* **Source information**
■ ■ ■ ■

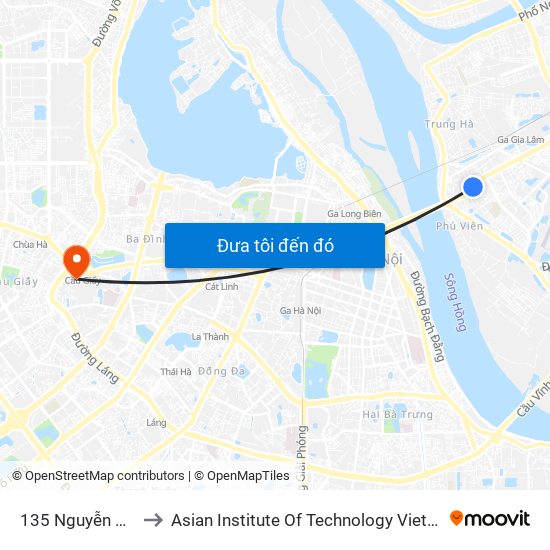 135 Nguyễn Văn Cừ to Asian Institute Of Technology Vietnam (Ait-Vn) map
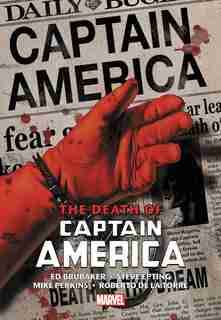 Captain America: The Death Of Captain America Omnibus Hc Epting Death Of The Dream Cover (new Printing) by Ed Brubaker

■ ■ ■ ■

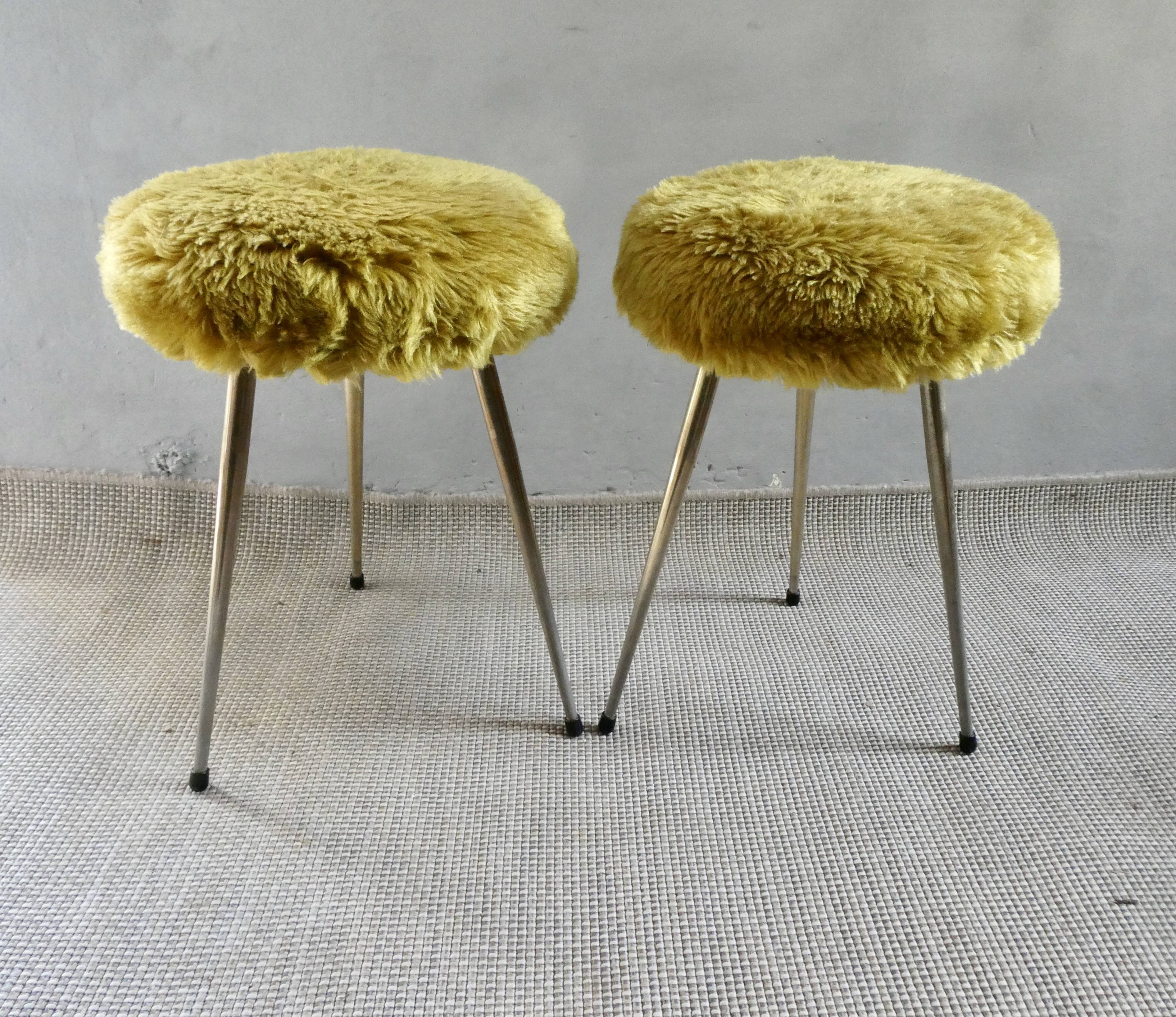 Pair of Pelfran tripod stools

■ ■ ■ ■

* **Action item**
Find the line with "135 Nguyễn Văn" in the entries above. Set down exactly every line from it up to and including the line with "Captain America: The", images excluded.

* **Exercise response**
 135 Nguyễn Văn Cừ to Asian Institute Of Technology Vietnam (Ait-Vn) map
 Captain America: The Death Of Captain America Omnibus Hc Epting Death Of The Dream Cover (new Printing) by Ed Brubaker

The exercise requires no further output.